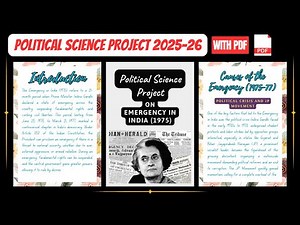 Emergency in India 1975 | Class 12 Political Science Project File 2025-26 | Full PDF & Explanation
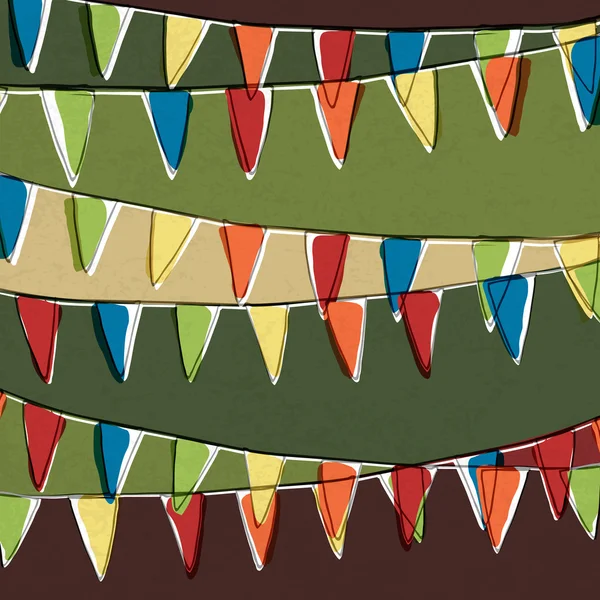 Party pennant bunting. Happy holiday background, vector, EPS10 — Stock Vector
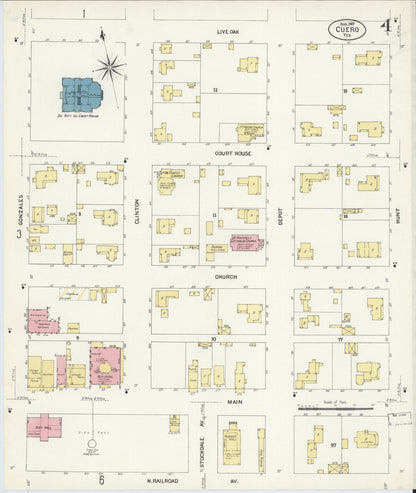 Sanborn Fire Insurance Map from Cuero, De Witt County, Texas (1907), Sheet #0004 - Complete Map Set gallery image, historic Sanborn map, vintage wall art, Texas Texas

=-=-=-=-=

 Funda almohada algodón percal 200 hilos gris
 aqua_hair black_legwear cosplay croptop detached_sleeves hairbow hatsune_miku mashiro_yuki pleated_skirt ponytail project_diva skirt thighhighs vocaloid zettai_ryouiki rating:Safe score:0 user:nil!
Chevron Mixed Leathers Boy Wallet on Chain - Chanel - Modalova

=-=-=-=-=

= WORK TO COMPLETE =
From the line that has "aqua_hair black_legwear cosplay" through the line that has "Chevron Mixed Leathers", copy every line exactly as it appears above, and leave out all others.

= RESPONSE =
 aqua_hair black_legwear cosplay croptop detached_sleeves hairbow hatsune_miku mashiro_yuki pleated_skirt ponytail project_diva skirt thighhighs vocaloid zettai_ryouiki rating:Safe score:0 user:nil!
Chevron Mixed Leathers Boy Wallet on Chain - Chanel - Modalova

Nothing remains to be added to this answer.